PhoneViz: phone alignment visualiser

PhoneViz (see our paper) is a phone alignment visualiser which facilitates a deeper analysis of the phone alignments typically used to compare a reference transcription and a concrete speaker pronunciation. PhoneViz provides an interactive environment where aligned phones are displayed in the IPA chart helping users to explore phonetic variation beyond symbol substitution, insertion and deletion. PhoneViz was demonstrated at Interspeech 2024 (see the slides). This repository contains the code and resources for the phone alignment visualiser: phone recognition, alignment computation and phones visualiser.

Installation

The most recent version of this code can be cloned from this repository using the command:

git clone https://github.com/MargotUCD/PhoneViz.git

Once the repository has been cloned, you'll find the source code in source. The resources needed to compute the alignments and run the visualiser can be found in resources.

Requirements

Python

Python 3.8 and pip should be installed. You can install all the required python packages using this command:

pip install -r requirements.txt

eSpeak

PhoneViz is proposed with Wav2Vec2Phoneme¹ as phoneme recogniser. eSpeak is required for running Wav2Vec2Phoneme. Follow the instructions below for installation.

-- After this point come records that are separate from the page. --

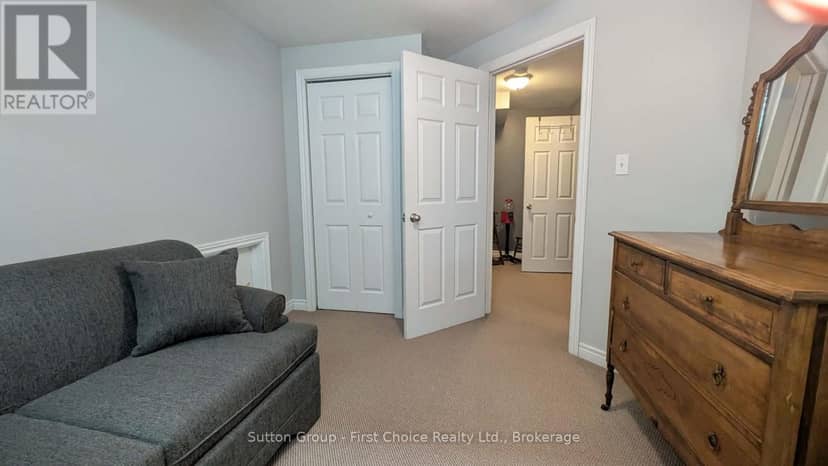 670 Reid Crescent — photo 34 of 39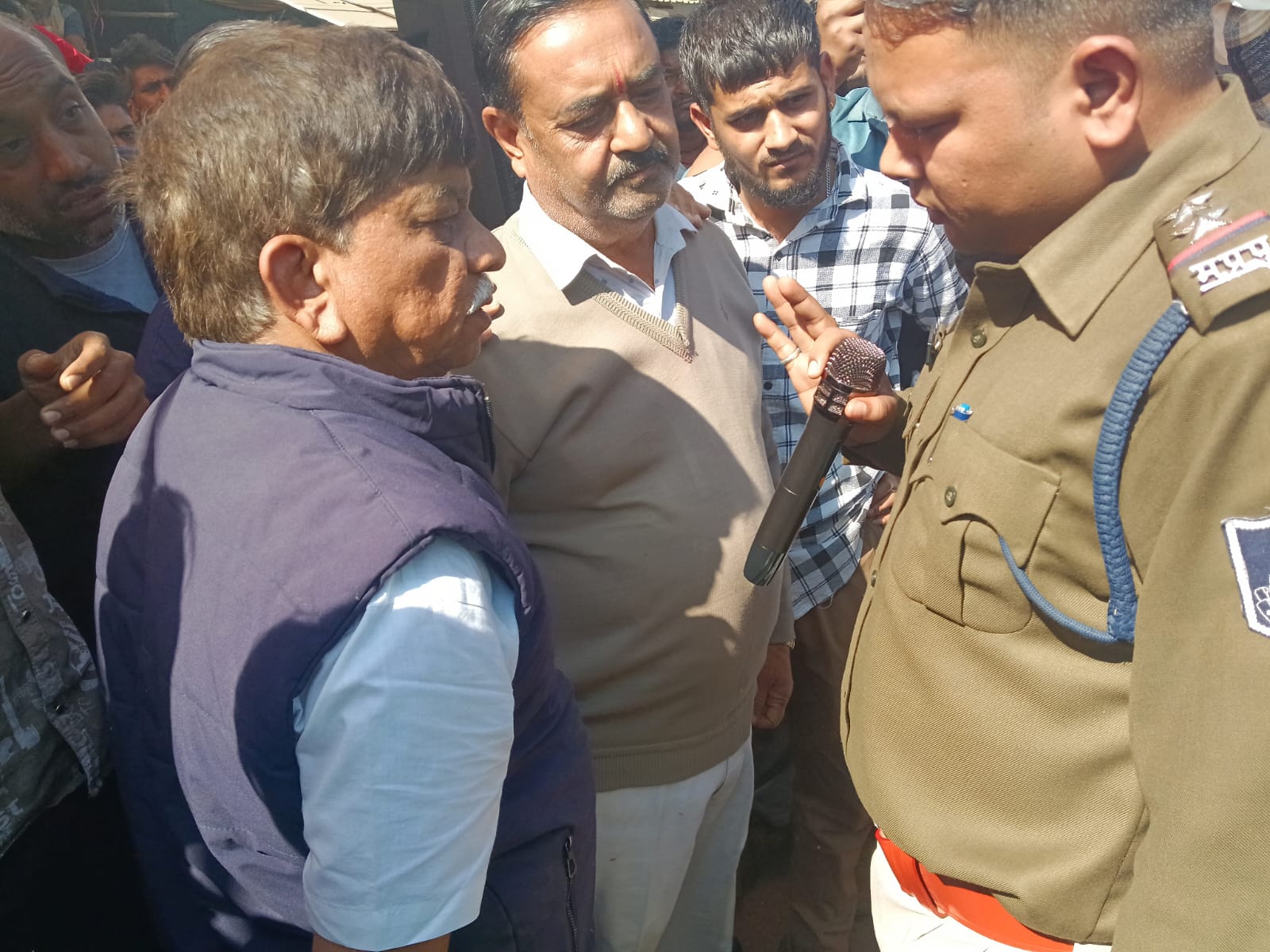 सुरखी में चोरी की बढ़ती घटनाओं के खिलाफ 4 घंटे का चक्काजाम, पुलिस को 7 दिन का अल्टीमेटम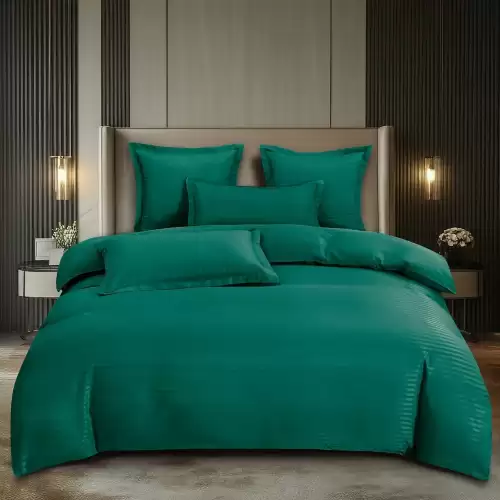 Lenjerie HoReCa, pat dublu, Damasc Finetat Deluxe cu Elastic, 6 piese, Pucioasa, Verde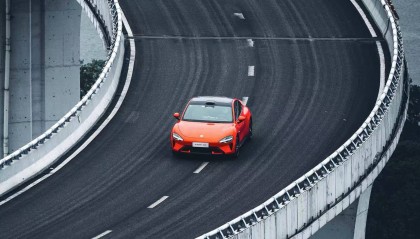 雷军跨年夜直播：“苦尽甘来”，2025年小米汽车向交付30万台冲刺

Linux: The module is tested with eSpeak version 1.48.15. Install using the command below or specific instruction for a given distribution:

sudo apt-get install espeak=1.48.15

Make sure it is installed using the command espeak --version. You may alternately install eSpeak-NG (https://github.com/espeak-ng/espeak-ng).

Windows: On Windows, it is recommended to install eSpeak-NG from the source (https://github.com/espeak-ng/espeak-ng/releases). It is confirmed to work with version 1.51.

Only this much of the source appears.